Qiang Wang, a/k/a Jeffrey Wang, a New York antiques dealer, pleaded guilty today in federal court in New York City to conspiracy to smuggle Asian artifacts made from rhinoceros horns and ivory and violate wildlife trafficking laws, announced Robert G. Dreher, the Acting Assistant Attorney General for the Environment and Natural Resources Division of the Department of Justice, Preet Bharara, U.S. Attorney for the Southern District of New York, and Dan Ashe, Director of the U.S. Fish and Wildlife Service.
Wang was arrested in February 2013 as part of “Operation Crash,” a nation-wide crackdown in the illegal trafficking in rhinoceros horns, for his role in smuggling libation cups carved from rhinoceros horns from New York to Hong Kong and China. He pleaded guilty today before U.S. District Judge Katherine B. Forrest of the Southern District of New York.
“Wang and others conspired in an illegal trade that is threatening the future of these species,” said Acting Assistant Attorney General Dreher. “This prosecution and continuing investigation should send a clear message to buyers and sellers that we will vigorously investigate and prosecute those who are involved in this devastating trade.”

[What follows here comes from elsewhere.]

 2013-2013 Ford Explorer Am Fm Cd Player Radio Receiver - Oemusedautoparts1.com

“Today’s guilty plea ensures that Qiang Wang, who flouted domestic and international regulations by smuggling artifacts made from an endangered species out of the United States, will be held to account for his crimes,” said U.S. Attorney Bharara. “This Office will continue to work with its law enforcement partners to hold to account anyone engaged in this illegal trade.”
“Poaching and profiteering are undermining decades of work by conservationists to stabilize and rebuild rhino and elephant populations,” said Fish and Wildlife Service Director Ashe. “As this latest guilty plea demonstrates, we continue working with our partners in the United States and overseas to stop the slaughter and crack down on the illegal trafficking that fuels it.”

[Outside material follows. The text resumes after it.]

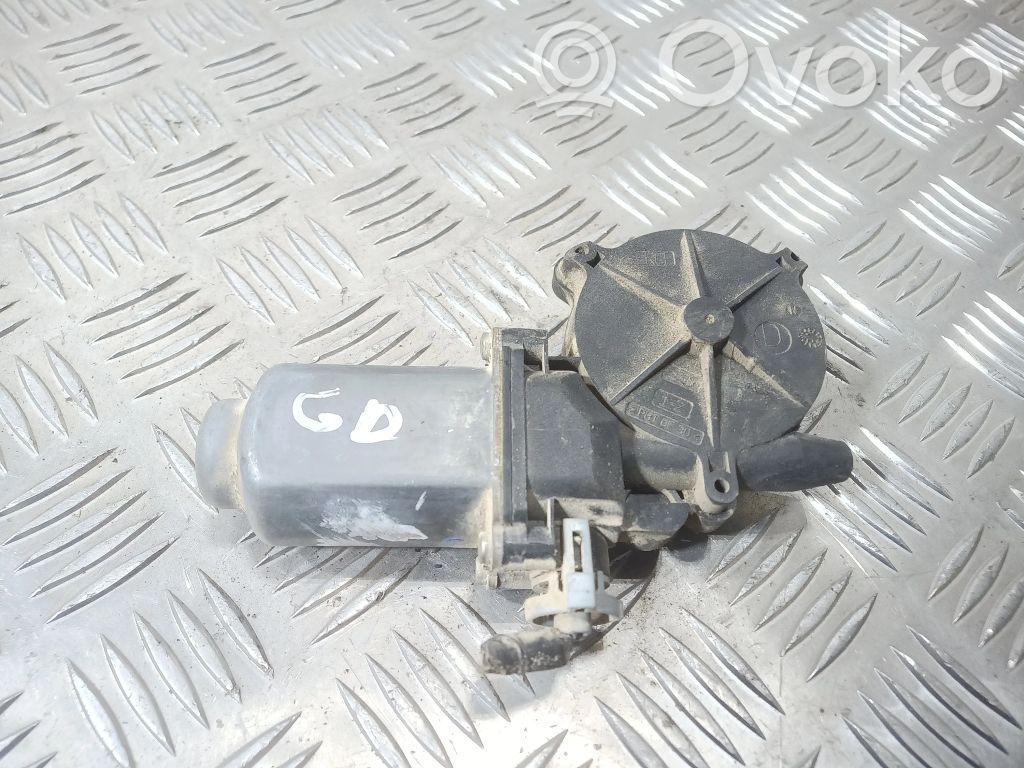 Nissan Almera Tino Silniczek podnoszenia szyby drzwi tylnych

According to the information, plea agreement, and statements made during court proceedings:
In China, there is a tradition dating back centuries of intricately carving rhinoceros horn cups. Drinking from such a cup was believed by some to bring good health, and antique carvings are highly prized by collectors. Libation cups and other ornamental carvings are particularly sought after in China and in other Asian countries, as well as in the United States. The escalating value of such items has resulted in an increased demand for rhinoceros horn that has helped fuel a thriving black market, including fake antiques made from recently hunted rhinoceros.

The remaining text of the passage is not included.